I quickly found out that class president is a mostly ceremonial position. I had high hopes each year when I was elected president, but soon found out my hands were tied, my voice didn’t hold much weight against the traditional establishment.
I watched others who ran for class president in higher grades use jokes and popularity to get the position for no other reason than to see if they could win. They never did anything once they won.
However, when I was in high school, I watched those who were elected student body president of the school, and I could see they had the ear of the principal, the superintendent, and the school board. I could see that someone in that position could actually influence some change, and that idea kept me running for class president each year, to put in my time and be in the best position to be student body president my senior year.
The day of that election for student body president, I felt confident. I was prepared for my speech. I knew I was well liked. I had nothing to worry about.
I did have a competitor. I didn’t really know him. He had not shown any interest in running until a day or two before the election.
The current student body president was a friend of mine. He introduced both of us, and then he gave me the microphone to give my speech first.
So there I was, standing in front of the school (about 500 people). I gave the speech I had rehearsed. I got a nice round of applause and sat down. Everything was going to plan.

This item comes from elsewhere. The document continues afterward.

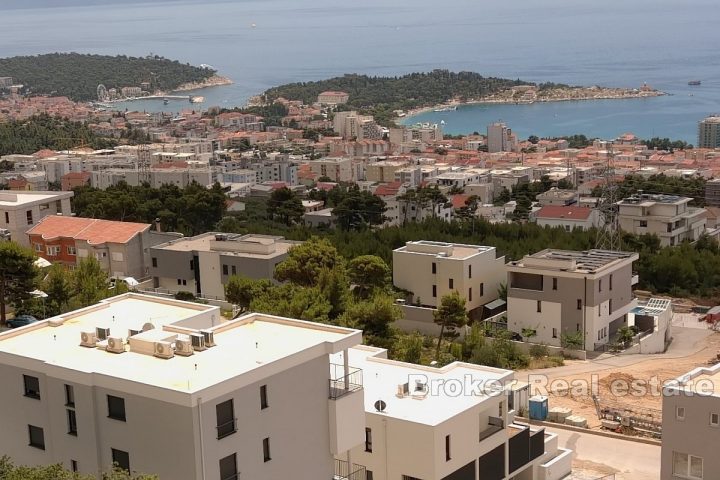 Newly built apartments with a beautiful view and close to the sea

Then my competitor got up, and just before he started speaking, a few things happened. First, rock ’n’ roll music started playing from somewhere in the gymnasium. Then a couple of the more popular girls in the school came down and gave him a kiss on the cheek as he started into a rehearsed and polished monologue that got the crowd laughing and cheering.
I clearly remember thinking, as I sat there watching this unfold, exactly what I would say if I got the chance to follow up such a production.
He finished to great applause and sat down, and before I knew it the candidate who was running for junior class president stood to give his speech. I never got a rebuttal. That just wasn’t something that was ever done. The program continued until all the candidates finished speaking, and the students went back to their classrooms to vote.
My friends assured me that even though the other guy’s speech was entertaining, our classmates knew I was the better choice.
I lost the election by fifteen votes.
I also learned my competitor was in the drama club, and he had been rehearsing his performance for quite some time. The girls who participated in his speech were also part of the drama club.
Naturally I was bummed out. Around my friends I pretended that I didn’t care, that it saved me the headache of doing the job. But secretly I had a hard time letting go. I would go over and over in my head exactly what I would have said if I had gone second or at least had a chance to speak again after my competitor. I felt like all the time I’d put into the process was wasted.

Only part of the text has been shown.